> [PROMPT]
Which lines run from the line with "Манга Реинкарнация Короля" through the line with "Математика. Задачи на движение. 3-4 классы" in the entries below? Print them exactly, both ends included, and nothing more.

> [RECORDS PROVIDED]
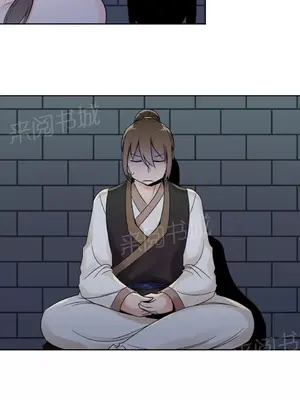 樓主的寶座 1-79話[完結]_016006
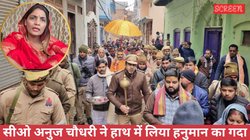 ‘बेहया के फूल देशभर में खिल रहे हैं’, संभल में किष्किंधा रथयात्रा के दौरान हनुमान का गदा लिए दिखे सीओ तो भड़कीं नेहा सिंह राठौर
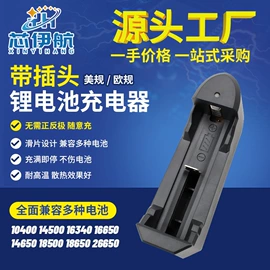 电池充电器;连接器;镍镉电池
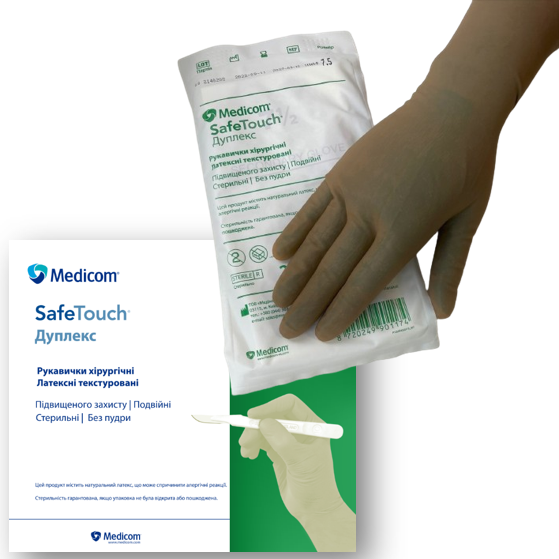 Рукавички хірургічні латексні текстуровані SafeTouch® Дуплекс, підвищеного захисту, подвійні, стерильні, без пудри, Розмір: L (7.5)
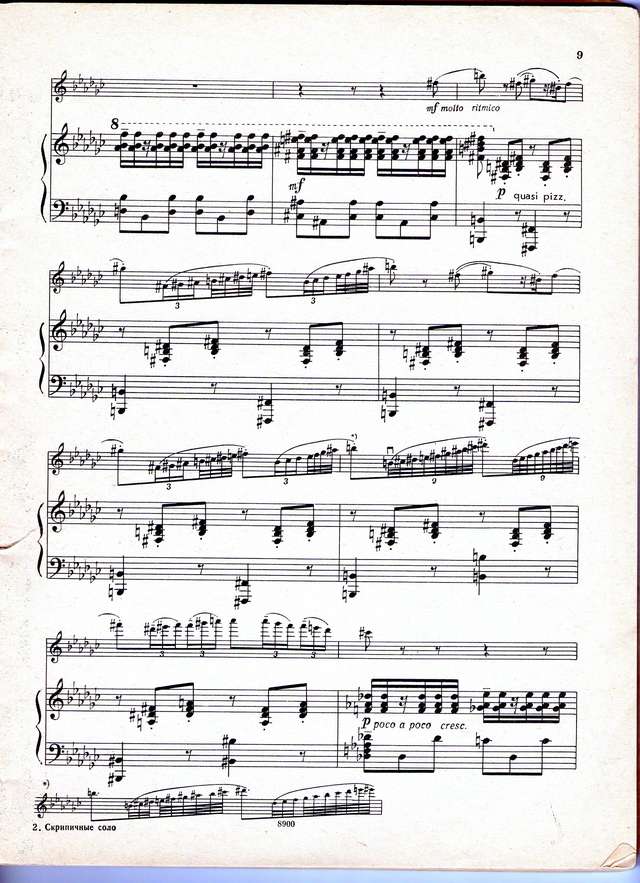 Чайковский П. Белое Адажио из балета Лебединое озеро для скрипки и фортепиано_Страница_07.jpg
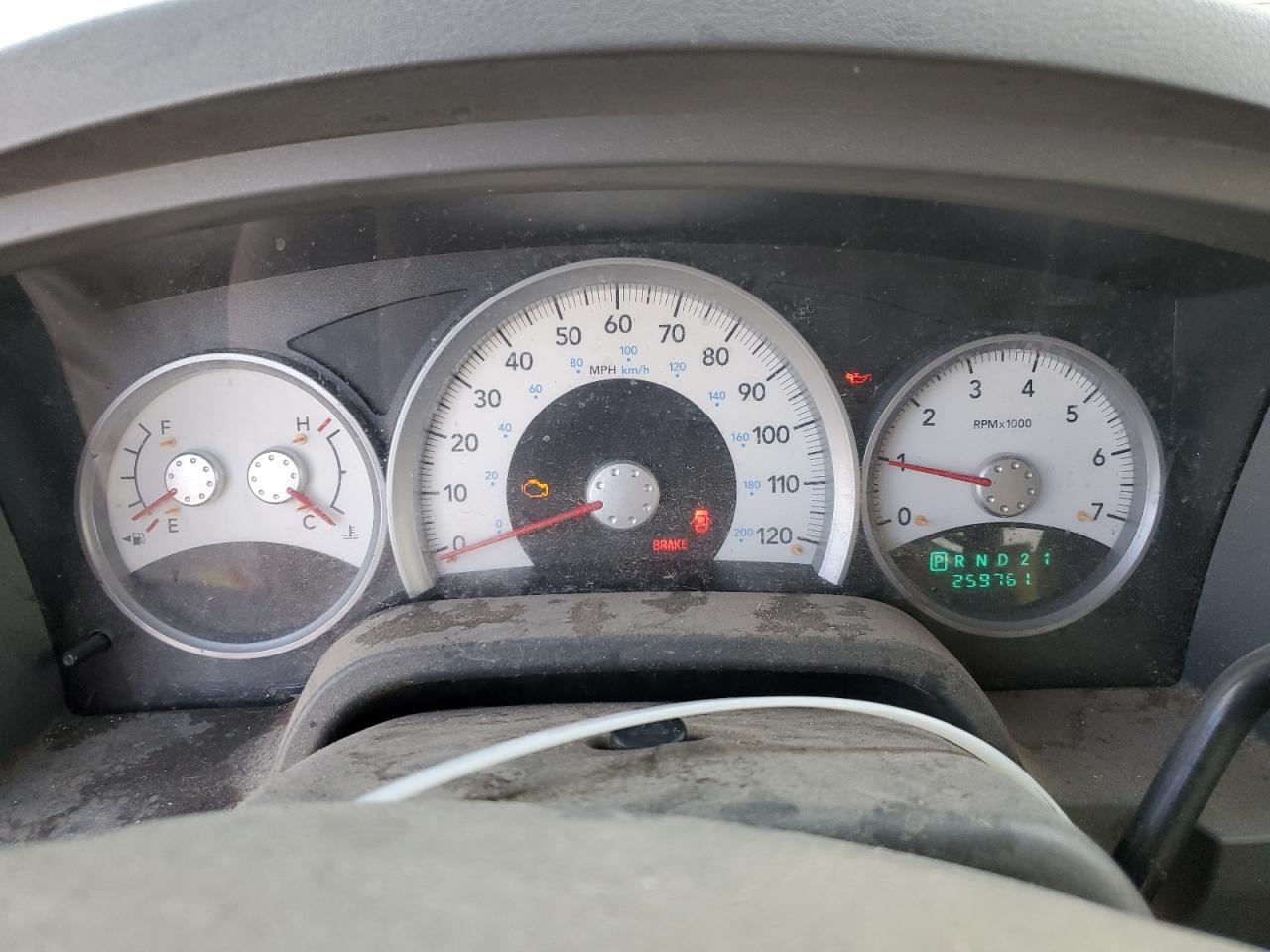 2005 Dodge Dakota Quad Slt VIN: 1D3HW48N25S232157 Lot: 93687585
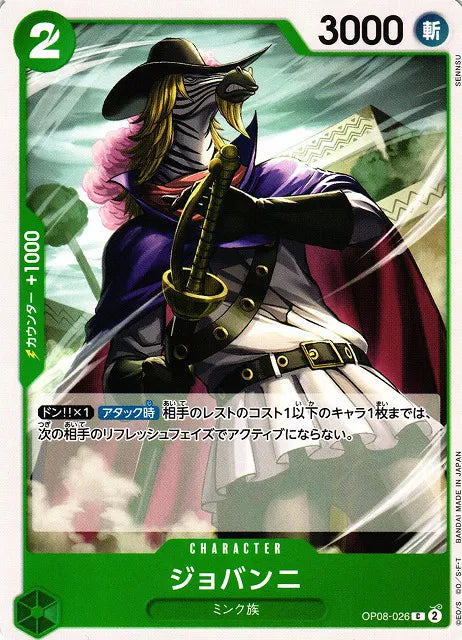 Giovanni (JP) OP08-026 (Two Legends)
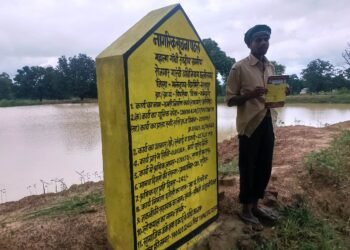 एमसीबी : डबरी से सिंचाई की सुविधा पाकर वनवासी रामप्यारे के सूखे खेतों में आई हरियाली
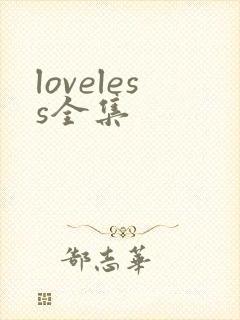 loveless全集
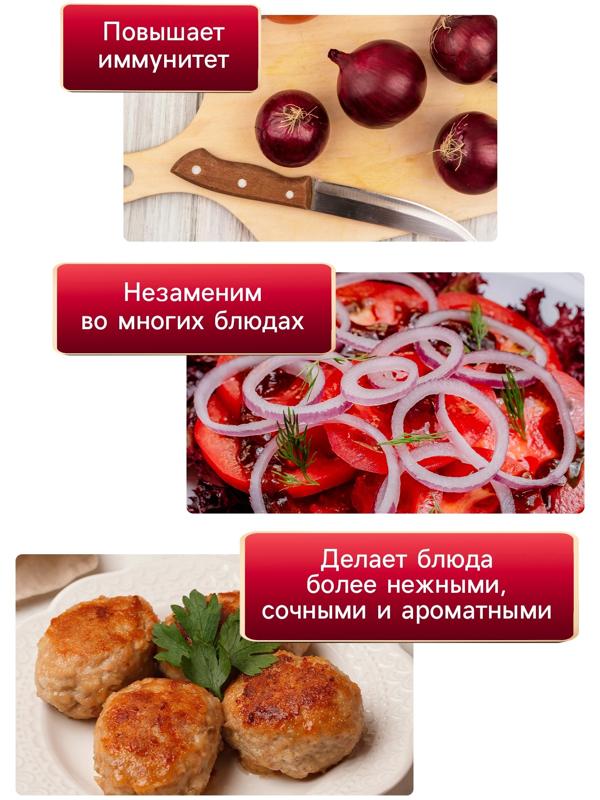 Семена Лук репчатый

...

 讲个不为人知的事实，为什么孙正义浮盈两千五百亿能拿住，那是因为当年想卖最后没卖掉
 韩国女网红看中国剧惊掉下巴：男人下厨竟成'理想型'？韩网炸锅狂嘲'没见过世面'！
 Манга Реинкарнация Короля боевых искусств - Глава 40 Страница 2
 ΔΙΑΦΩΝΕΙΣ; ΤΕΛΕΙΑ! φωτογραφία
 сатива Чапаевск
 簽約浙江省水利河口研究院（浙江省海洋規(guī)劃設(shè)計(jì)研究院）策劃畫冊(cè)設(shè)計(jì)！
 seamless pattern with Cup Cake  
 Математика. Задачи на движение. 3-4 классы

...

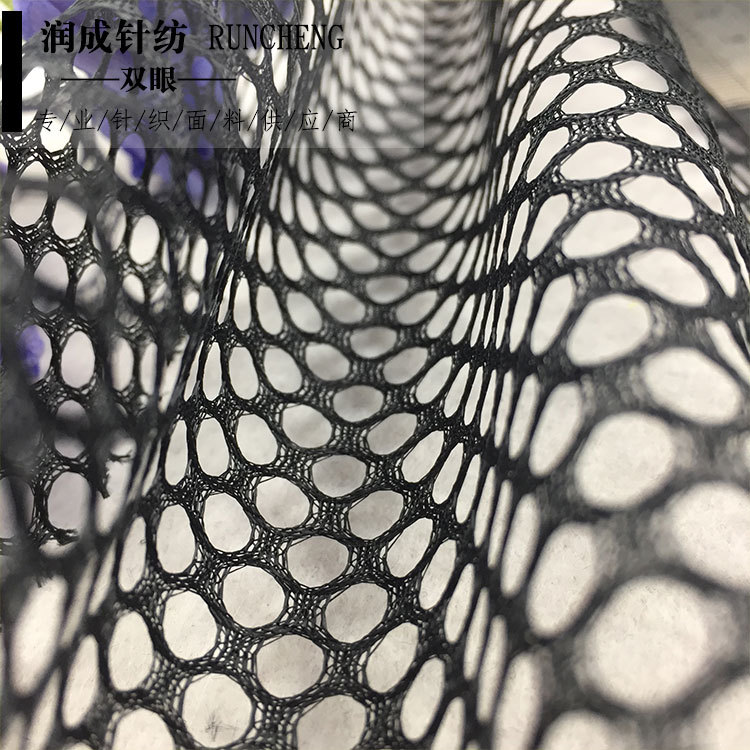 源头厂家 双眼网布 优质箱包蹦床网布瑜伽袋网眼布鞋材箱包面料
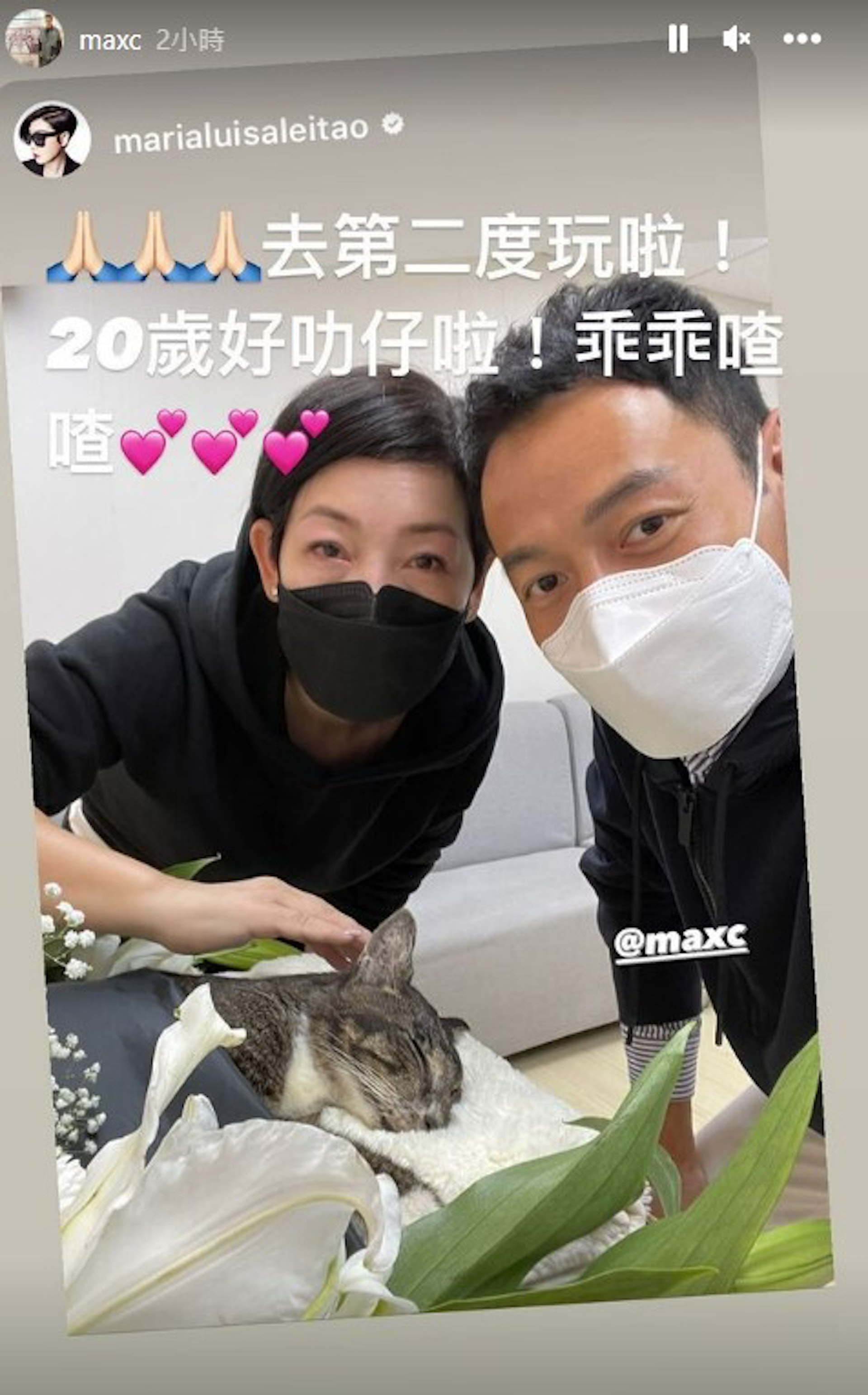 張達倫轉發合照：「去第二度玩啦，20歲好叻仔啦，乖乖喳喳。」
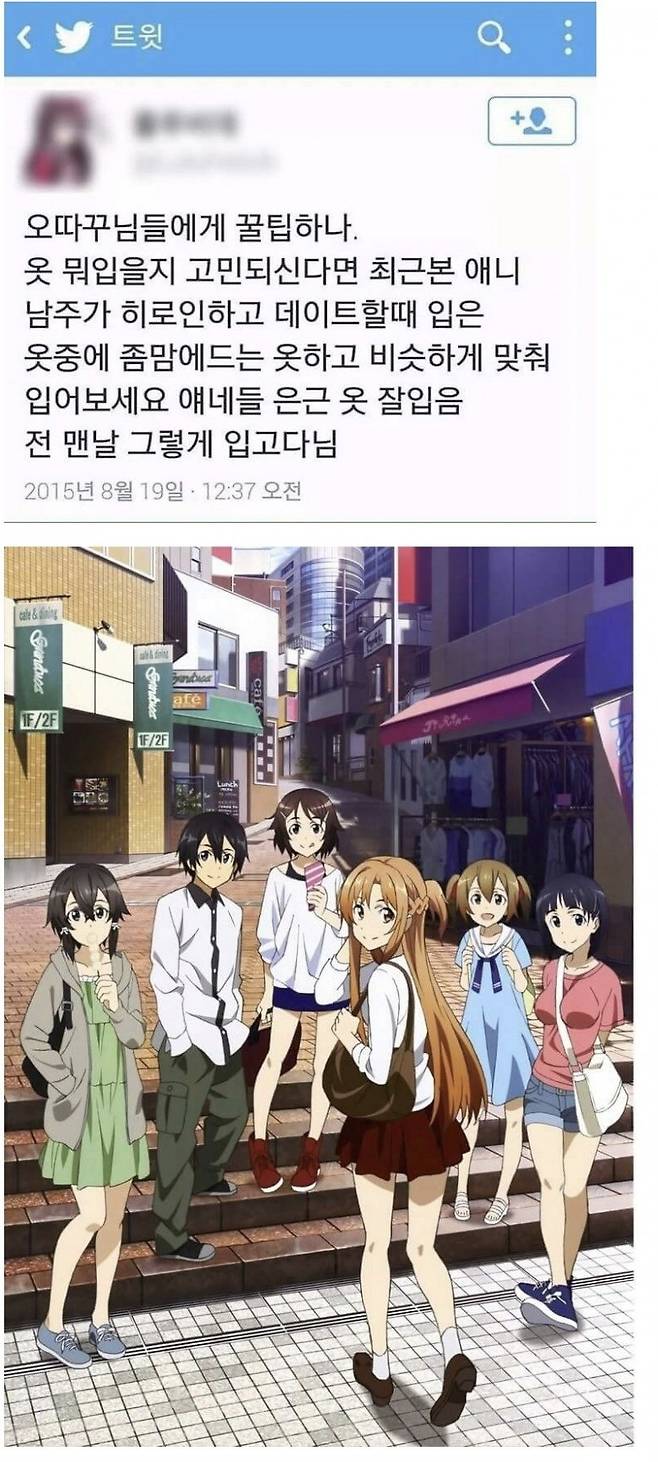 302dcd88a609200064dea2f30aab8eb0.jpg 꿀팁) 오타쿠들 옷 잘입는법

> [RESULT]
 Манга Реинкарнация Короля боевых искусств - Глава 40 Страница 2
 ΔΙΑΦΩΝΕΙΣ; ΤΕΛΕΙΑ! φωτογραφία
 сатива Чапаевск
 簽約浙江省水利河口研究院（浙江省海洋規(guī)劃設(shè)計(jì)研究院）策劃畫冊(cè)設(shè)計(jì)！
 seamless pattern with Cup Cake  
 Математика. Задачи на движение. 3-4 классы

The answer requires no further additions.